Tuesday 12 February 2008, 10:17 pm #Which one is Pink?
Your bro has the right idea Bridgit. When he gets a few more notes under his belt he will be able to get a guitar of intermediate level. Either an Epiphone Les Paul, an Ibanez RG 370 or a Mexican Fender. (Yep I know all the gear. I can play over 6 notes)
I made a mistake when I said Nelson owns 5 strats. He owns:
… three Fender Stratocasters (including a Fender 50th Anniversary Stratocaster), Fender 60th Anniversary Stratocaster and a sixties facsimile Stratocaster. I also have a Yamaha XGV1212 with a sliding bridge and a Tanada acoustic …
He goes on to say:
I’ve always enjoyed the sense of reflection in the inner soul that comes to you when playing a musical instrument.

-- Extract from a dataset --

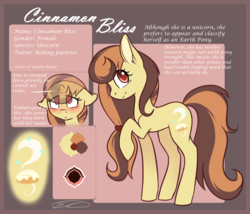 Size: 1214x1038 | Tagged: safe, artist:doekitty, oc, oc only, oc:cinnamon bliss, pony, unicorn, female, floppy ears, horn, mare, reference sheet, small horn, solo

Poseur for sure. If you own that many strats then you should be a rock star totally rocking out not enjoying the reflection of your inner soul or whatever. Hey Brendan. Buy a fucken harp if you want to reflect on your inner soul or meditate with some angel tarot cards from Doreen Virtue.
Nelson flashing all that expensive gear around for the cameras when he can’t even play Bon Jovi is like John Howard watching the rugby in an Australian tracksuit in his lounge room. Who the hell does that? Poseurs…

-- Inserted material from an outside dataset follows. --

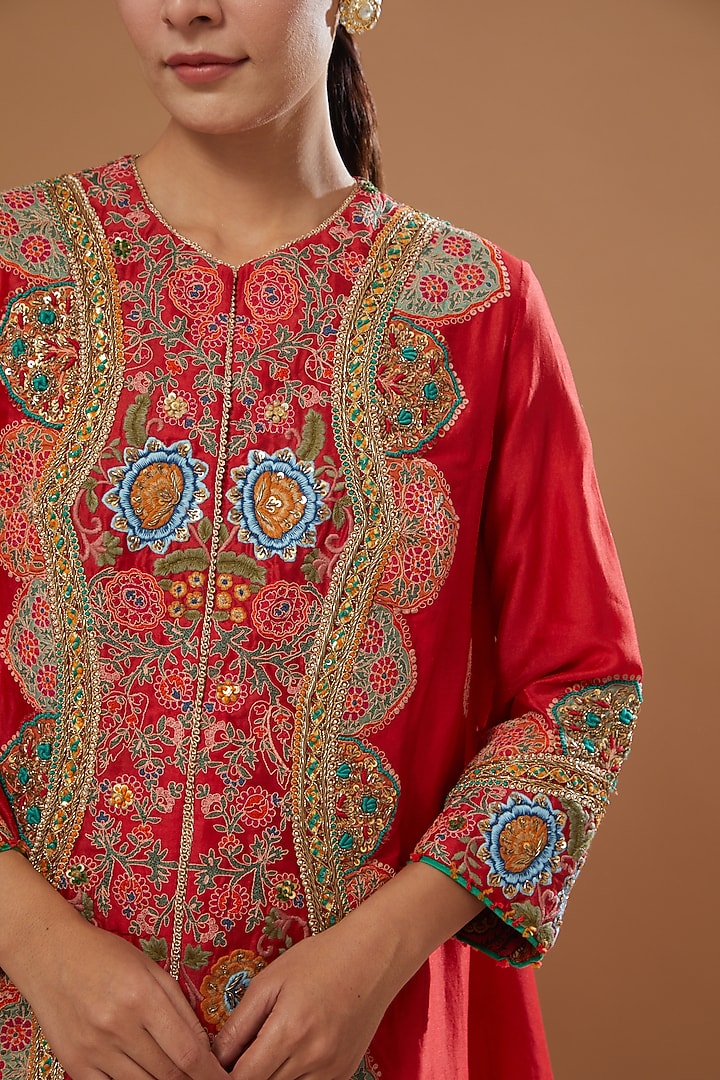 Red Chanderi Trail Jacket Set by Debyani at Pernia's Pop Up Shop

Tuesday 12 February 2008, 10:28 pm #kat
germaine greer and reggie bird.
Tuesday 12 February 2008, 10:38 pm #Bridgit Gread
There’s a spot for Brendan in this band.
Tuesday 12 February 2008, 10:49 pm #Which one is Pink?

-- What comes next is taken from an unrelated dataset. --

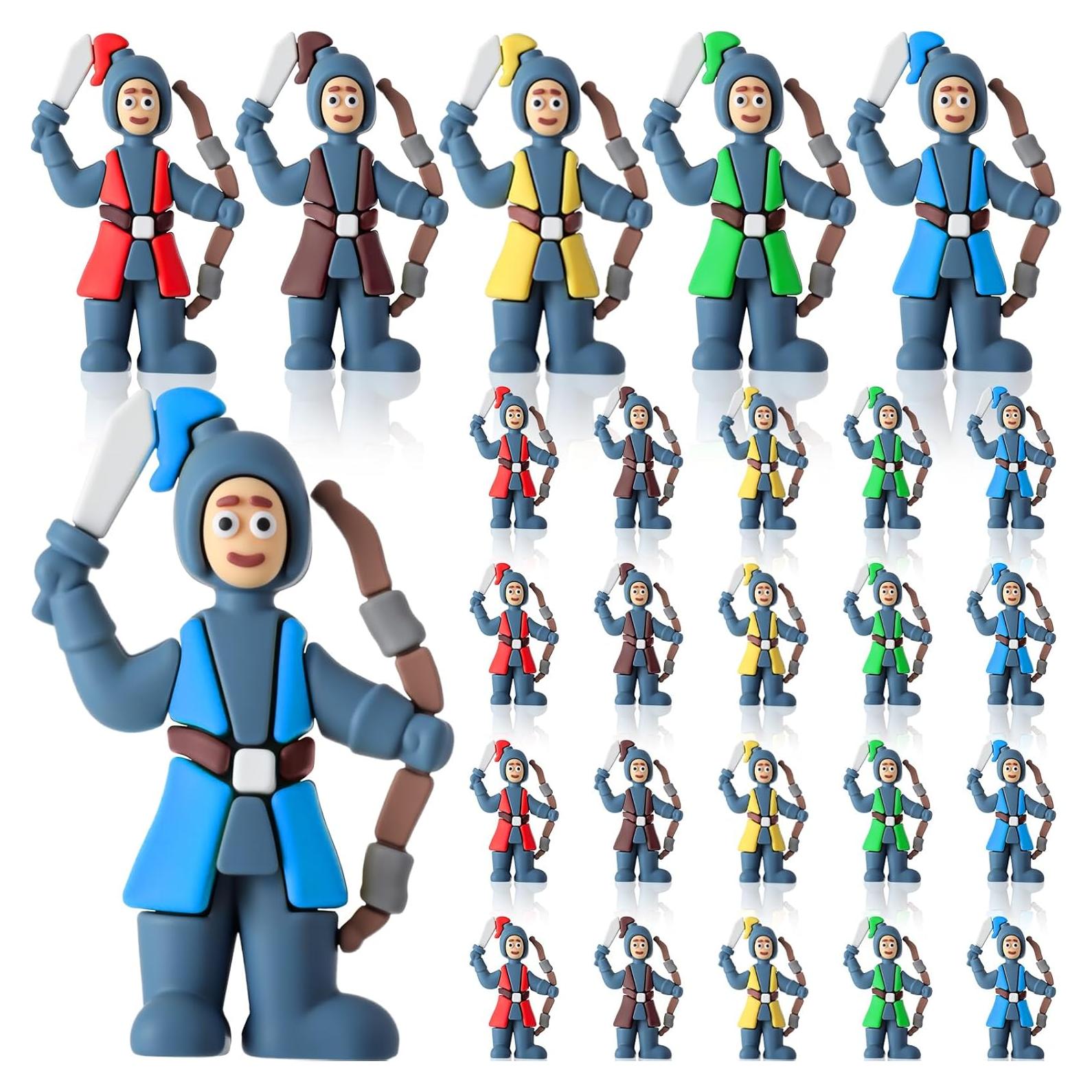 25 Mini Figuras de Caballeros Medievales PVC Viozakanry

Oh my… I’m surprised Brendan didn’t say he was learning Europe covers too. Ouch!
Tuesday 12 February 2008, 10:52 pm #Damian
Dang, I wanted to nominate KG and MK.
And Ray fucking Martin.
There is way too much commie-group-think going on here. I have to stop sleeping under this poster of Che.
And yeah, put Surnami in. I reckon we’ll need all the “FUCK YOU!”s we can get.
Tuesday 12 February 2008, 10:54 pm #Which one is Pink?
DO NOT WATCH THE NIRVANA COVER FOR THE SAKE OF JESUS!
Wednesday 13 February 2008, 12:07 am #Ray Dixon
Sophie Mirabella because she’ll be the PM in 2020 and besides, someone’s got to eat the cakes.
Wednesday 13 February 2008, 12:13 am #Mikey
Well I live in Canberra so what the heck, I’m nominating!
Wednesday 13 February 2008, 2:40 pm #krypto
you know I couldn’t help remembering an old U2 lyric (I think from “rattle and hum”) when I think of strat-man Nelson.
It goes “all I got, is a red guitar, three chords and the truth”.
Well I guess two out of three aint bad.
No-one has nominated “Dr.” Ray. Imagine getting the seat next to that contagious looking, psoriasis ridden canker sore.
He flakes so much skin he’s like a human snowstorm, the man’s a lamington for crying out loud.